- [DATA SECTION]

◆ ◆ ◆

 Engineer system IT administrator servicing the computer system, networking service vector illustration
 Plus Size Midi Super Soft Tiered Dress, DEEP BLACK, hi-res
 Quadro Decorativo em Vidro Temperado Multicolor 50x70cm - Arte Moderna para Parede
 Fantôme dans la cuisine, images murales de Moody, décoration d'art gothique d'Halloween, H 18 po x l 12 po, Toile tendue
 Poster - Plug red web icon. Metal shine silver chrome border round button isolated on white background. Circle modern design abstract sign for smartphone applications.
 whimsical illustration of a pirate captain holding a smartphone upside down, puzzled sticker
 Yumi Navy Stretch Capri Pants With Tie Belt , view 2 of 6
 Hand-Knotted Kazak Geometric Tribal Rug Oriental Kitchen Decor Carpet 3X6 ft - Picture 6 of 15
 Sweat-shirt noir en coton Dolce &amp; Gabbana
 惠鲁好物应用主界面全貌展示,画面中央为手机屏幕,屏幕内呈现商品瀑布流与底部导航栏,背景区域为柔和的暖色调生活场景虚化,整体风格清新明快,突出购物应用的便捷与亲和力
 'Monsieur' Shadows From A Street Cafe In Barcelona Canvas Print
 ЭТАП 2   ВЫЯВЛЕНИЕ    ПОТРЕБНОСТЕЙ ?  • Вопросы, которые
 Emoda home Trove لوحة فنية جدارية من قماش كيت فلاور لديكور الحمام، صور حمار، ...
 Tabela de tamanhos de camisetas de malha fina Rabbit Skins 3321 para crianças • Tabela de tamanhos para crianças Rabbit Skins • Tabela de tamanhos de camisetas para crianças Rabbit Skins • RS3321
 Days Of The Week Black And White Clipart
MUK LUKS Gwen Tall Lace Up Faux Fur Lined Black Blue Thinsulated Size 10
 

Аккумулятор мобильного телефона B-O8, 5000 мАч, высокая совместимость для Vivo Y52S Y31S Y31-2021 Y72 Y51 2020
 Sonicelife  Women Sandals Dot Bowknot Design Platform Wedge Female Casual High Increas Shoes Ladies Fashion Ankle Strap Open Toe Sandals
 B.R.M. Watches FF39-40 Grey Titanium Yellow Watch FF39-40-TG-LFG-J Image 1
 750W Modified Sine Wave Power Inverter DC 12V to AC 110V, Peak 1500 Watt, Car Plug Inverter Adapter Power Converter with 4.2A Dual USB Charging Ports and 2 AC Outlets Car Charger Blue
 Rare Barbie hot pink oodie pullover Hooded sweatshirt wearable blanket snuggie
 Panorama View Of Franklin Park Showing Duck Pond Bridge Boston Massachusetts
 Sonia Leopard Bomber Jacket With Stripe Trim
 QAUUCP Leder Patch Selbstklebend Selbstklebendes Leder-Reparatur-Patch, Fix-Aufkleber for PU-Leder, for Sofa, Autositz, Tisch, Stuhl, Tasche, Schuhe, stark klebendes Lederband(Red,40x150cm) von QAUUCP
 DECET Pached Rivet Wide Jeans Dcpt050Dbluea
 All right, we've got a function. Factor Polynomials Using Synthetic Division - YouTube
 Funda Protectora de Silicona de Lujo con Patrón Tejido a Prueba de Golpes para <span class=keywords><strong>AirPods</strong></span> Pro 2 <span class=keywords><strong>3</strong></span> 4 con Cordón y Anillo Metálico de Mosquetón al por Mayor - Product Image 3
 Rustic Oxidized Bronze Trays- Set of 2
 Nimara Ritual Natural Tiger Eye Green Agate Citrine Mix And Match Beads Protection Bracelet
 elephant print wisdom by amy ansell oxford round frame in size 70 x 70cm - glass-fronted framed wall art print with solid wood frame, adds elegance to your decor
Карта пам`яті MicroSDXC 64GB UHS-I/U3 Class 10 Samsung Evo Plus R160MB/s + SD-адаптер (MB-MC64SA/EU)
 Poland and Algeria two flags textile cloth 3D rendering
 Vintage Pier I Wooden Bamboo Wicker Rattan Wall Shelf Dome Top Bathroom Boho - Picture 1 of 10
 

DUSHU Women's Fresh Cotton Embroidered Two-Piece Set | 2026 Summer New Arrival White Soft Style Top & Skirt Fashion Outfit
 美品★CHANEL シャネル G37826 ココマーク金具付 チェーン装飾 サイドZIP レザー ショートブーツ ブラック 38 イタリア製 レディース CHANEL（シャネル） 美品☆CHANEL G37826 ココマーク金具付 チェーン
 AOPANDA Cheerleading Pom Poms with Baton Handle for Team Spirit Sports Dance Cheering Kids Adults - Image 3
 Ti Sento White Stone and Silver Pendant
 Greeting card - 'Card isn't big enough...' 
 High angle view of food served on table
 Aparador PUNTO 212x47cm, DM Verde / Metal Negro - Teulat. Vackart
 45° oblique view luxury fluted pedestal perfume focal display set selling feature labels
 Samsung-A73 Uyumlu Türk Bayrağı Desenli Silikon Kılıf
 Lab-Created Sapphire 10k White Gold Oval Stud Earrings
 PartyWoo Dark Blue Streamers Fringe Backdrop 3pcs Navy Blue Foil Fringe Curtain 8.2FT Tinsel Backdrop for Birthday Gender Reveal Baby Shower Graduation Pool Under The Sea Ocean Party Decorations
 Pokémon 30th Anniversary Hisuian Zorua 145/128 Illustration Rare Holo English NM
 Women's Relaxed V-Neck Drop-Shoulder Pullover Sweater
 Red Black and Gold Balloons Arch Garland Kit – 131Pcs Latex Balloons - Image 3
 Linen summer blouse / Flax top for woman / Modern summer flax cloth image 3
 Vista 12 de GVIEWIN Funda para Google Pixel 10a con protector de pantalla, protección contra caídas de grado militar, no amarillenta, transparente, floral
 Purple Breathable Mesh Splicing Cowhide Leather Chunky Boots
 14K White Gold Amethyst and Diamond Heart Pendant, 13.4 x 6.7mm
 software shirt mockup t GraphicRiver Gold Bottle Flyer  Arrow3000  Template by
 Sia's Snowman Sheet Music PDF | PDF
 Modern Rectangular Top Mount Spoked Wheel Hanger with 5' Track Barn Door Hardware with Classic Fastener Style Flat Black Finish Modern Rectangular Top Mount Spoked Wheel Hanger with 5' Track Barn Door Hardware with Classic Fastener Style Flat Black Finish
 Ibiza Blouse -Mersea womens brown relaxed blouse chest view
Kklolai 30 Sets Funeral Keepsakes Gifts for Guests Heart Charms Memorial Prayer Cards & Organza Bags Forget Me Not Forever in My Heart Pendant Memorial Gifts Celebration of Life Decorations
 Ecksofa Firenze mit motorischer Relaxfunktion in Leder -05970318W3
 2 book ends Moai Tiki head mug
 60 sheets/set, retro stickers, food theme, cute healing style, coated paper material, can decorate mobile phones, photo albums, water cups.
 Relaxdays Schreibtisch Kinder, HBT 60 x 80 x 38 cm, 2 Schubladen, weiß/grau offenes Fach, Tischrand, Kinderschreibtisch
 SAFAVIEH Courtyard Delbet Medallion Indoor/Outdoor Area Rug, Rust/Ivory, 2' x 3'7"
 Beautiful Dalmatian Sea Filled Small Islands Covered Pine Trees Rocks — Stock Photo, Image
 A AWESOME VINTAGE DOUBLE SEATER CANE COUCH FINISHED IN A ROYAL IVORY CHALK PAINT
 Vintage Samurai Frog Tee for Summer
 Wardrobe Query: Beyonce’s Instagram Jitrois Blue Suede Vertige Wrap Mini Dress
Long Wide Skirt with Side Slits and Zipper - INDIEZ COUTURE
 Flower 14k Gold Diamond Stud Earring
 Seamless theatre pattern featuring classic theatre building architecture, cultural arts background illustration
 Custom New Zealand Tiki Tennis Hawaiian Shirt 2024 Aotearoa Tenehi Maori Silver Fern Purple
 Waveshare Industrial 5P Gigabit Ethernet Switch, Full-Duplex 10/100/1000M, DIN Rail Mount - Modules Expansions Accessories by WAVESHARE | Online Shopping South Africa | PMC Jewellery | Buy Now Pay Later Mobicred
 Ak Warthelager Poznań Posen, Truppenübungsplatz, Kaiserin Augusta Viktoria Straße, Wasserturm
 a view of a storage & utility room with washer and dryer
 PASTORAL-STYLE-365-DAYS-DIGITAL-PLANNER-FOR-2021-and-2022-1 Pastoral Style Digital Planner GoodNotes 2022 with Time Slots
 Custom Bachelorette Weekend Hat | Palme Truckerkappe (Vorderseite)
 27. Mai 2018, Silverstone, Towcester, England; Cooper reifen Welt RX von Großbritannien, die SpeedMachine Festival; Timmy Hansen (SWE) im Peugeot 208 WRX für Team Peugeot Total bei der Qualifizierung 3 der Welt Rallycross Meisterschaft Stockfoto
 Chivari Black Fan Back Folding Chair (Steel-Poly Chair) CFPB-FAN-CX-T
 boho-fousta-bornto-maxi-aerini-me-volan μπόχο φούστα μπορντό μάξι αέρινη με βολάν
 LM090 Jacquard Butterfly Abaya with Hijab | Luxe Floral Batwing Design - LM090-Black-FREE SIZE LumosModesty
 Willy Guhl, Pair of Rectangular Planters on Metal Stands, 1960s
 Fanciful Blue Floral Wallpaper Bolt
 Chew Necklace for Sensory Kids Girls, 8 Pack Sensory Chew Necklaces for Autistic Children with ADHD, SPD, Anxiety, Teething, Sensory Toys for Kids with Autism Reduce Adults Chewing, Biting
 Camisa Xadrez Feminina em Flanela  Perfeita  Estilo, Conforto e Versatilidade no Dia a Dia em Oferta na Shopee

◆ ◆ ◆

- [WHAT YOU ARE ASKED TO DO] Everything from the first line above up to and including the line that contains "Yumi Navy Stretch" should be printed exactly; please print only that.

- [RESULT OF THE TASK]
 Engineer system IT administrator servicing the computer system, networking service vector illustration
 Plus Size Midi Super Soft Tiered Dress, DEEP BLACK, hi-res
 Quadro Decorativo em Vidro Temperado Multicolor 50x70cm - Arte Moderna para Parede
 Fantôme dans la cuisine, images murales de Moody, décoration d'art gothique d'Halloween, H 18 po x l 12 po, Toile tendue
 Poster - Plug red web icon. Metal shine silver chrome border round button isolated on white background. Circle modern design abstract sign for smartphone applications.
 whimsical illustration of a pirate captain holding a smartphone upside down, puzzled sticker
 Yumi Navy Stretch Capri Pants With Tie Belt , view 2 of 6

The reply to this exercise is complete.